荊雨不由無語,暗想道:“壞了,這般看來,浮屠仙洲的元嬰禪君還當真能如同韭菜一般源源不斷長出來,那丘玄洞的口糧可缺不了了。”
他原本覺得丘玄洞這般捕食元嬰禪君定非長久之計,估計多吃幾個,就有可能遭遇三大釋土化神佛主的驅趕。
自己或可趁著丘玄洞與化神佛主大戰的間隙尋機脫身。
可現在才知曉,隻要丘玄洞不招惹三大釋土的嫡係禪君,那幾位化神佛主隻怕也懶得理會丘玄洞這個癲子。
那頭顱語氣虛弱,艱難道:“道友,小僧如今身受重傷,危懸一線……方才小僧的儲物袋在玄黃之氣的衝刷下被毀了去,如今身無長物,道友身上可有療傷靈藥?”

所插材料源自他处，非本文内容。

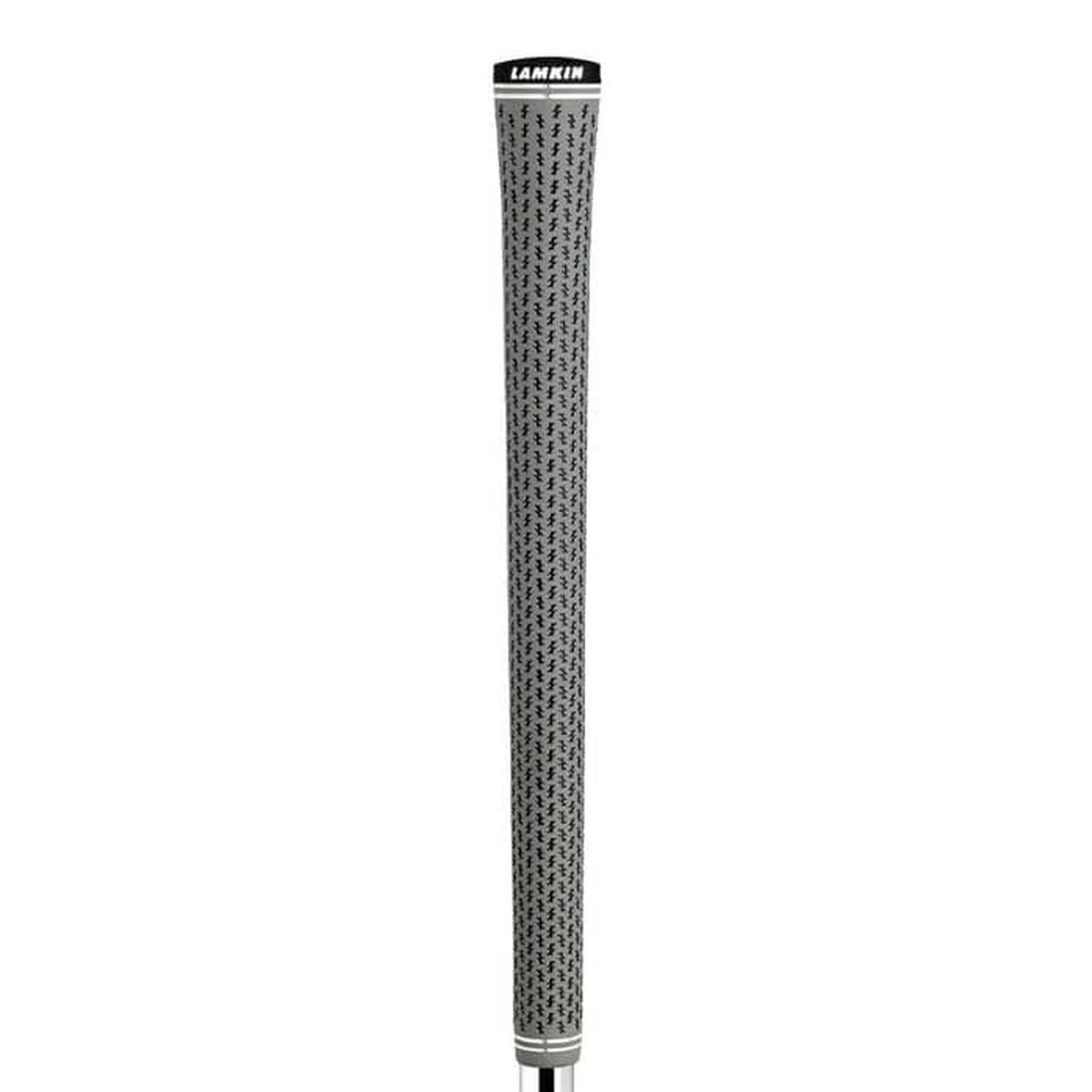 Lamkin Crossline360 Grey Golf Grip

荊雨點了點頭,拿出一枚【血色晶石】,以玄光切割了十分之一左右大小,用法力送到了頭顱麵前。
那頭顱一口將血色碎片吞了進去,臉上血色大盛,靈壓猛地提高了一截兒,氣息趨於平穩,顯然傷勢稍稍平複。
可下一刻,這位隻剩下頭顱的元嬰禪修卻忽爾神色怨毒,提起一口血氣,竟用上了類似佛門獅子吼的神通,大叫道:
“我日你世尊大佛,佛爺眼見著不成了,你小子也彆想好過!”
“前輩!這裡有……”
轟——
一道灰蒙蒙的法光自荊雨眉心噴薄而出,將眼前這頭顱、連同其中藏匿的元嬰轟地粉碎。
“天殺的禿驢、狼心狗肺的東西……”荊雨罵罵咧咧道:“還好本君提前布置了隔音陣法,否則當真著了你的道。”
“這群禿驢一個個道心……不,佛心蒙塵,哪裡有半分得道高僧的意思?怪不得隻是野寺裡的野路子,入不得三大釋土的正堂。”
荊雨盯著眼前的屍骸,眯了眯眼睛,喃喃道:“既然短時間內無法脫困,倒是要早做準備了……”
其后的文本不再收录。